The championship field is two Ford drivers (Harvick and Team Penske's Logano) two Toyota drivers (Joe Gibbs Racing's Busch and Furniture Row Racing's Truex), with Chevrolet shut out of the finale in what has been mostly a tough year for the manufacturer.

Now it all comes down to one race on a 1.5-mile oval, a 400-mile dash to be the best.

"I don't know how you could pick a favorite, necessarily," Busch said. "I would predict this is the best four, the closest four that have been in our sport in a long time.

Busch and Harvick have battled at the top all year, and Busch could have controlled Harvick's fate late in Sunday's race when he was lined up against Harvick teammate Aric Almirola on a restart. An Almirola victory would have eliminated Harvick from the playoffs, which Busch acknowledged considering.

"I did think about it," Busch said. "But I'm here to win the race. They always want it to play out naturally."

And now Busch might have the momentum to take the title.

"I'd like to think it gives us a lot, but I don't know - talk is cheap," Busch said. "We've got to be able to go out there and perform and just do what we need to do. Being able to do what we did here today was certainly beneficial. I didn't think we were the best car, but we survived and we did what we needed to do.

"It's just about getting to next week, and once we were locked in, it was 'All bets are off, and it's time to go.'"

Harvick was the favorite to win at ISM, where he is a nine-time victor, and started from the pole but an early flat tire made the race more eventful than he expected. He found himself racing against SHR teammates Almirola and Kurt Busch for the final championship-eligible spot, but Busch was wrecked late and Almirola had to win to snatch the berth away from Harvick.

"We kept ourselves in position all day, and there at the end, it was just like everybody wrecking and all over the place," Harvick said. "We just needed to stay out of trouble and try to find a safe spot there."

Brad Keselowski and Kyle Larson, both already eliminated from the playoffs, finished second and third in the race. Almirola was fourth and Harvick fifth.

Harvick was at ISM without his regular crew chief or his regular car chief - and will be without them next weekend, too - as part of the penalties for the illegal spoiler. Yet he was fastest in practice, started on the pole and led the first 72 laps before his tire went flat.

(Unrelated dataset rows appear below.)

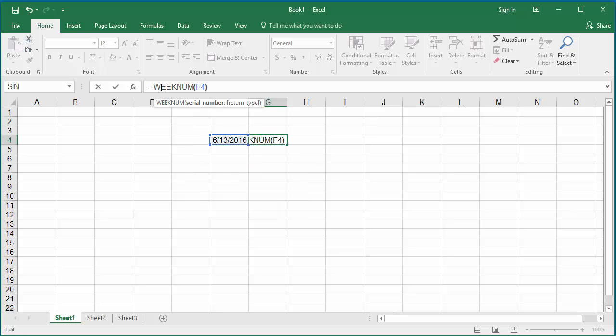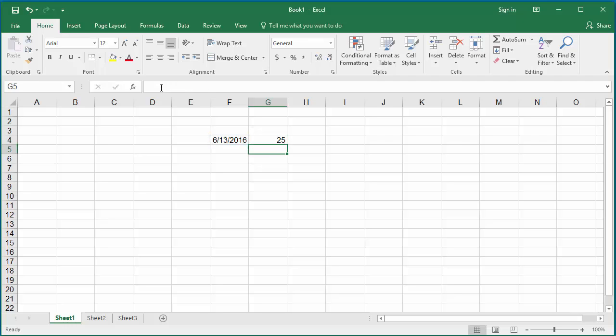Hit enter. You can see Excel displays the week number. The date belongs to the 25th week of year 2016.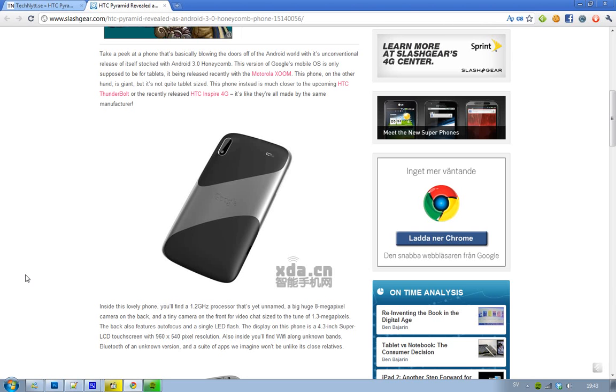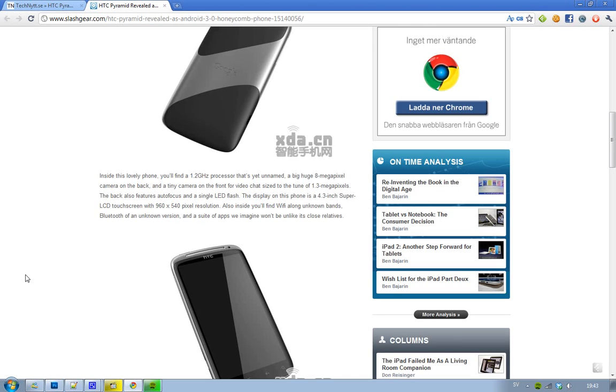It may be just the source that said it would be running Android 3.0 Honeycomb instead of Android 2.3 Gingerbread. The resolution is 960x540 pixels, and obviously it has Wi-Fi, Bluetooth, and wonderful apps.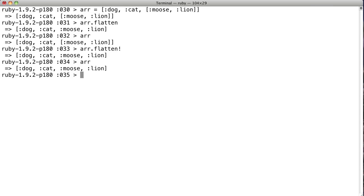So we'll do that — Flatten with bang, there you go. Everything works, and now you've got a single-dimensional array. That's it for the Ruby Flatten method. On to the next one.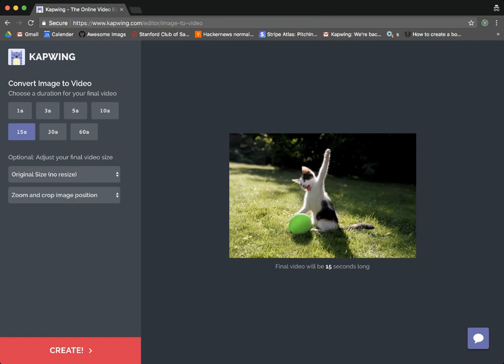Okay so you can see here is our editor. This is the image that's going to be converted into an MP4 video here on the right.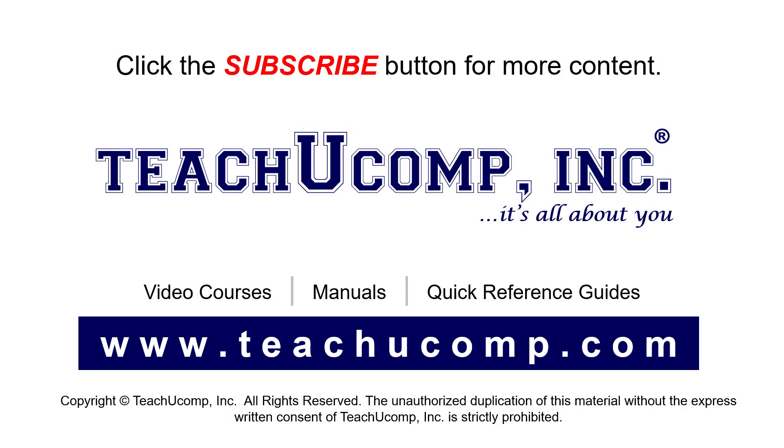Remember to click the Subscribe button to see more of our videos. See our full suite of courses, instruction manuals, and quick reference guides at www.teachucomp.com.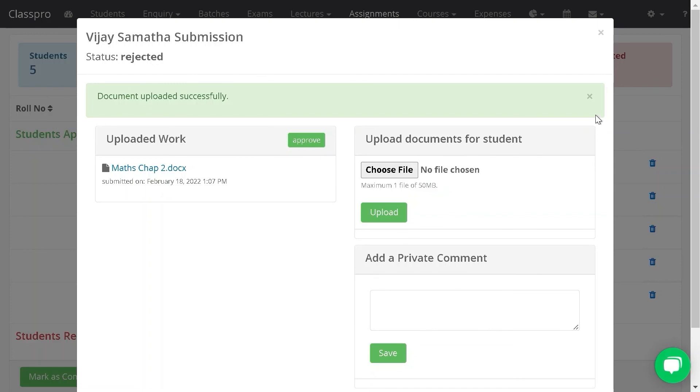This way you can approve and reject the assignment. Thank you.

That put Harvick in 30th and one lap down, and he had to work his way to the front the rest of the race. He was aided by a flurry of mistakes by the other championship contenders. Clint Bowyer had a flat tire that caused him to wreck, Kurt Busch was wrecked and that accident collected Chase Elliott, who earlier had been penalized for speeding on pit road. Kurt Busch also had been penalized early in the race for passing the pace car.

The intensity of the race picked up with a flurry of late cautions that began when Ricky Stenhouse Jr. wrecked with 48 laps remaining. SHR drivers used split strategy on the ensuing pit stop as Kurt Busch stayed on the track to move into second and Harvick pitted for new tires to restart sixth. NASCAR then stopped the race for the extensive cleanup needed for Stenhouse's crash, and the cars parked on the track for close to 11 minutes.

But Kurt Busch never got to find out if his strategy was the right one, because he was promptly wrecked on the restart. Denny Hamlin, trying to extend his streak of winning at least once in every season, aggressively tried to dart to the front and while doing so shoved Busch's car into the wall.

As Busch's car ricocheted back into traffic, he tagged Elliott to end the young driver's bid to race his way into the finale.

"Denny came out of nowhere and cleaned us out," Busch said.

Alex Bowman then spun, NASCAR again stopped the race for a cleanup, and Almirola used the sequence to make his play for the victory. He was third, behind teammate Harvick, on the restart.

Almirola dove to the bottom of the track to slip past Harvick and move into second. Another caution with 17 laps remaining put Almirola on the front row alongside Kyle Busch for the restart with 12 to go. But Almirola didn't have much for Busch, who pulled away.

With Almirola out of contention for the victory, Harvick was finally in the clear.